**ACTION ITEM**
From the line with "Savrani™ | Pantaloni" down to the final line of the records below, retype everything exactly and leave out the rest.

■ ■ ■

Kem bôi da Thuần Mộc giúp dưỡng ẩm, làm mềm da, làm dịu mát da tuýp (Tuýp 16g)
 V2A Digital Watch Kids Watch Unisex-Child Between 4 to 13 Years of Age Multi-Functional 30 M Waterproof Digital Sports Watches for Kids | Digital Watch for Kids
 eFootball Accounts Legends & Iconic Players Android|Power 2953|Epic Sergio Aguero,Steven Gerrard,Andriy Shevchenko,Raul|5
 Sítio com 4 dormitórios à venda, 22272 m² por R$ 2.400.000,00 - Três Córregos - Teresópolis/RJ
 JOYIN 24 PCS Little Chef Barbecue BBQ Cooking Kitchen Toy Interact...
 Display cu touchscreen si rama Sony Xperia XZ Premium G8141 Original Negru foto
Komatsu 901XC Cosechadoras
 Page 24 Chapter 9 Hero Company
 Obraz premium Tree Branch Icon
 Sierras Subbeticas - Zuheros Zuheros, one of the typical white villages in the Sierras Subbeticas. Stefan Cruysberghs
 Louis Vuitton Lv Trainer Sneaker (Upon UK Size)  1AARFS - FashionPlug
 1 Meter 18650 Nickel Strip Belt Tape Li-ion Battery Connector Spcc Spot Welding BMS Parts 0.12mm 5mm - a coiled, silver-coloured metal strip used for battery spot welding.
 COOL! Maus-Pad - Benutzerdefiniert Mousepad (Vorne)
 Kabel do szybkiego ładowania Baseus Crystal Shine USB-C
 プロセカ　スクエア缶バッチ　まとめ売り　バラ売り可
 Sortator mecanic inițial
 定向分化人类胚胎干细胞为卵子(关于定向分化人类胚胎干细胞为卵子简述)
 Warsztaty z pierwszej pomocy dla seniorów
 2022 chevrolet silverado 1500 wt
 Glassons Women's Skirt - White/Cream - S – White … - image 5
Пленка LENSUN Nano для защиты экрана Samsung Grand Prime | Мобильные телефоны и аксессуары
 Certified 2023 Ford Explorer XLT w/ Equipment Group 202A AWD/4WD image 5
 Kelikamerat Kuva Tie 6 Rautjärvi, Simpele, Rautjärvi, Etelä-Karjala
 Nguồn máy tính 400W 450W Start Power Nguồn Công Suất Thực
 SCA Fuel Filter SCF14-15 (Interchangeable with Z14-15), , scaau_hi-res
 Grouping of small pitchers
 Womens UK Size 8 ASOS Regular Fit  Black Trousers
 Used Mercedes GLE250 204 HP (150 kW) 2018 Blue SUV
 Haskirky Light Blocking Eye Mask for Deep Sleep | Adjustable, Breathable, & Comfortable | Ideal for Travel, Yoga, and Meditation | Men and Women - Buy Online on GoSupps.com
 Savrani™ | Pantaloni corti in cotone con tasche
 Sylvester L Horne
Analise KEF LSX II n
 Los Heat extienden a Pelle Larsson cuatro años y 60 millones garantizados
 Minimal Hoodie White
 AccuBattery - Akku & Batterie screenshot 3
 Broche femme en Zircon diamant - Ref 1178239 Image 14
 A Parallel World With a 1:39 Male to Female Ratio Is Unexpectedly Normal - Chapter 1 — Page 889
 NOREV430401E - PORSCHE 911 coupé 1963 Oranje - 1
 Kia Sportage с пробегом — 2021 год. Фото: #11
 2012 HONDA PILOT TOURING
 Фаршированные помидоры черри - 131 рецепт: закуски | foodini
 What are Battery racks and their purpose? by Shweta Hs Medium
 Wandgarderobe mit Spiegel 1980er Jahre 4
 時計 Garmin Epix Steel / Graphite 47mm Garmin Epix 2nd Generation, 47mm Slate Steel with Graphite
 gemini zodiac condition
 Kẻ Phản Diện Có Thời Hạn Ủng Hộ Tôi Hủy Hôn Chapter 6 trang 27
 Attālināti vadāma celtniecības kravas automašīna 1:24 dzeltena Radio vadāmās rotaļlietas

■ ■ ■

**EXPECTED OUTPUT**
 Savrani™ | Pantaloni corti in cotone con tasche
 Sylvester L Horne
Analise KEF LSX II n
 Los Heat extienden a Pelle Larsson cuatro años y 60 millones garantizados
 Minimal Hoodie White
 AccuBattery - Akku & Batterie screenshot 3
 Broche femme en Zircon diamant - Ref 1178239 Image 14
 A Parallel World With a 1:39 Male to Female Ratio Is Unexpectedly Normal - Chapter 1 — Page 889
 NOREV430401E - PORSCHE 911 coupé 1963 Oranje - 1
 Kia Sportage с пробегом — 2021 год. Фото: #11
 2012 HONDA PILOT TOURING
 Фаршированные помидоры черри - 131 рецепт: закуски | foodini
 What are Battery racks and their purpose? by Shweta Hs Medium
 Wandgarderobe mit Spiegel 1980er Jahre 4
 時計 Garmin Epix Steel / Graphite 47mm Garmin Epix 2nd Generation, 47mm Slate Steel with Graphite
 gemini zodiac condition
 Kẻ Phản Diện Có Thời Hạn Ủng Hộ Tôi Hủy Hôn Chapter 6 trang 27
 Attālināti vadāma celtniecības kravas automašīna 1:24 dzeltena Radio vadāmās rotaļlietas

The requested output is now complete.